In the material below, the lines from the one containing "函授專升本入學考試作文怎么寫 函授專升本入學考試作文怎么寫" through the one containing "Statistical Independence in" are to be given again exactly, ends included, and no others.

→ **MATERIAL FOR THIS TASK**:
————

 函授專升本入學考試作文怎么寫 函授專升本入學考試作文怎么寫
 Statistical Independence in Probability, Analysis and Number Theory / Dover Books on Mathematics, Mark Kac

————

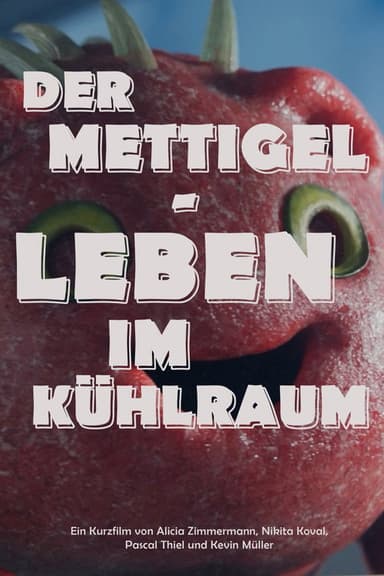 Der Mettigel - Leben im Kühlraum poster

————

→ **RESPONSE BOX**:
 函授專升本入學考試作文怎么寫 函授專升本入學考試作文怎么寫
 Statistical Independence in Probability, Analysis and Number Theory / Dover Books on Mathematics, Mark Kac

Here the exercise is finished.